My Search for Creflo Dollar

Paul Harvey

Thanks to Ralph Luker for pointing me towards this remarkable piece, "My Search for Creflo Dollar," by Emily Raboteau, whose father Albert Raboteau will need no introduction for the audience of this blog. A little excerpt below, which points to Emily's book Searching for Zion: The Search for Home in the African Diaspora, now definitely on my to-read list:

By shilling money as the thing that mattered most, men like Creflo Dollar, I complained to Victor, were cheapening our rich history of liberation theology, messing with the prophetic kind of faith that drove the Civil Rights Movement, our nation’s proudest moment. My father taught a seminar on the religious history of that movement and these were themes he’d discussed with me for as long as I could remember. He’d grown up during that ennobling period. He was nearly the same age as Emmett Till would be if he hadn’t been bludgeoned to death and dumped in a Mississippi river at age fourteen for talking to a white woman. This was the backdrop against which my parents met at a Catholic university in Milwaukee in the 1960s. There my father helped organize a student movement that pushed for more minority faculty hires and student enrollment. Along with two roommates, he led a protest that shut down the university for two weeks.

My search for Creflo DollarPerhaps, like many children, I had a romance with the time of my parents’ youth. Their heroes were Martin Luther King and Dorothy Day, whose Catholic Worker offered a moral critique of the country’s drive for wealth and comfort. Wealth was a spiritual hazard that flew in the face of social justice. And didn’t my hero, Bob Marley, say more or less the same thing? A belly could be full yet hungry. A full stomach didn’t ensure a full heart or a full life.
But Victor only laughed. “What’s so funny?” I asked him.
“Darlin’, I love you. I do. But you have the most convoluted way of trying to know your father.”
“I’m not talking about my father,” I insisted. “I’m talking about the problem of Creflo Dollar.”
“Okay,” Victor humored me. “Why should black people be holier than anyone else just because we’ve suffered? Why shouldn’t we want the same comforts everybody wants, in the end? A mortgage, a car, a retirement plan?”

Creflo Dollar’s church attracts some forty thousand members, most of them poor and working-class blacks trying to pull themselves out of poverty and into the middle class. They’re drawn by Dollar’s lavish lifestyle, his optimism, and his instruction of the Bible as a manual for prosperity. We are in control of our destiny, he teaches. We are already in the Promised Land. This is our home. We built it. It is ours.

Soon enough, I, too, was mesmerized. More than that — I was hooked. Beneath the mustache, thick as a Band-Aid, the smile had a blinding wattage. The big teeth didn’t look natural, and neither did his perfectly even hairline. His linebacker’s shoulders were a holdover from his college days as a star football player. You don’t build a ministry that takes in seventy million untaxed dollars a year from tens of thousands of members worldwide without charisma. Even after Victor fell asleep on the loveseat, I kept watching deep into the night, held by the flickering blue light of the ridiculously oversized flat-screen TV before us, trying to unravel Dollar’s message.

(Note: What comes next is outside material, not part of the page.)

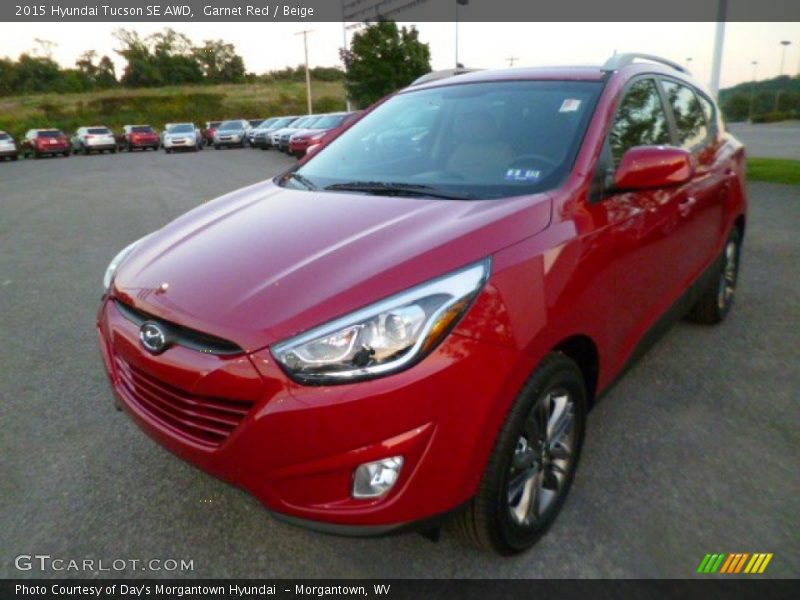 Garnet Red / Beige 2015 Hyundai Tucson SE AWD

As a preacher, his trick was the power of positive thinking. As a motivational speaker, his trick was the Bible. As CEO, his trick was a wily concoction of both: self-help and Jesus Christ. It was a winning combination. Dollar’s product almost couldn’t lose, and his delivery was pitch-perfect. He was plainspoken, corporate, encouraging. He could sound like a Holy Roller and Oprah Winfrey in the same breath: “Get lack and insufficiency off your mind,” he urged. “Get satisfied. The Lord shall increase you more and more. I believe that when you get increase on your mind, you’re gonna receive increase in your life, and when you sow and give into the kingdom of God, it will trigger increase. Pray about sowing into this ministry and experience increase. It’s time to reap your crop.”
I was remarkably drawn to this snake oil salesman who used increase more often as a noun than a verb. A lot of what he said made sense. Just as he could sound like the Bible-thumping Pentecostal preacher Oral Roberts, whom he counted as a close friend, he could also sound like the black nationalist Malcolm X, who criticized the docility of the black church. Against my better judgment, I got sucked into a Black Entertainment Television wormhole — I followed Dollar’s show religiously and then began watching other black televangelists too. These men were slick. There was Bishop Eddie Long, whose Georgia mega-church pulled around twenty-five thousand members, and T.D. Jakes, with about thirty thousand in Texas. One night Jakes recounted a visit to a Johannesburg museum where he encountered a proverb on the wall: “When the Dutch came, we owned the land and they had the Bible. When they left, they owned the land and we had the Bible.” He asked his congregation one vital question: Why couldn’t they have both?